Problem statement →
What should be copied is the stretch of entries below from the line with "Snapshot of jeanfarelo" up to and including the line with "AkzoNobel Sikkens ColorBuild", exactly and without images.

Data to process →

►

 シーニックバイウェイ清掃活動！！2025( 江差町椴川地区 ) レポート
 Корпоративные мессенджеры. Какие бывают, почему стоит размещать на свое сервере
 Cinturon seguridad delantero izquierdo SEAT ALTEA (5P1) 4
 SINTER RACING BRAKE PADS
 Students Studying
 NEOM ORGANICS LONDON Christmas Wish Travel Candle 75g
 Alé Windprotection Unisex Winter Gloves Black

◄
►

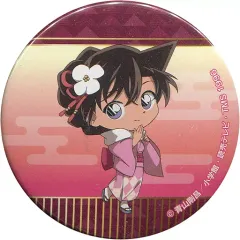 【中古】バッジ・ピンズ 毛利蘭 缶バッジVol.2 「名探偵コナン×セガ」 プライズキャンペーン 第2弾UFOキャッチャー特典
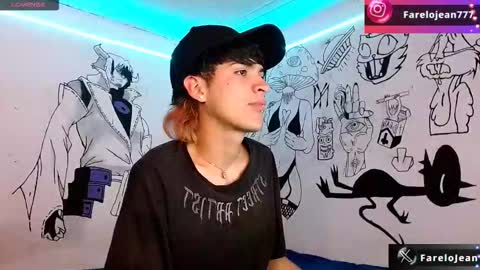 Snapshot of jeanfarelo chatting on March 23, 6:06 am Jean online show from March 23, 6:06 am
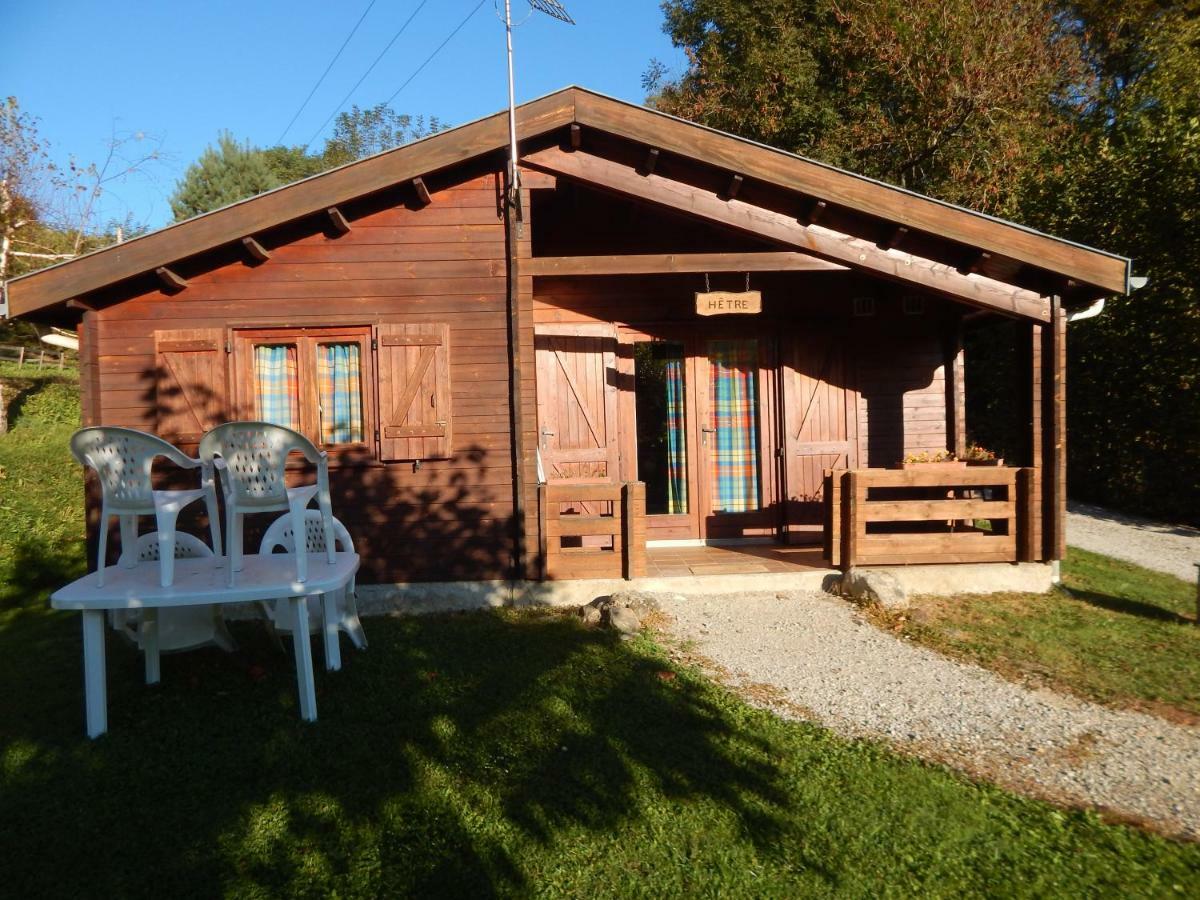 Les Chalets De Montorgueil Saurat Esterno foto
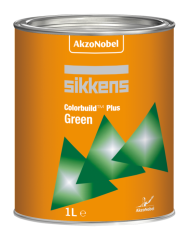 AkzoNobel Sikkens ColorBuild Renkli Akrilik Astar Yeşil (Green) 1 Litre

◄
►

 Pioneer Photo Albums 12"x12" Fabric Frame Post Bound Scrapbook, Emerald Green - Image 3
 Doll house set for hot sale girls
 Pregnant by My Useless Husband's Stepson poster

◄

Solution →
 Snapshot of jeanfarelo chatting on March 23, 6:06 am Jean online show from March 23, 6:06 am
 Les Chalets De Montorgueil Saurat Esterno foto
 AkzoNobel Sikkens ColorBuild Renkli Akrilik Astar Yeşil (Green) 1 Litre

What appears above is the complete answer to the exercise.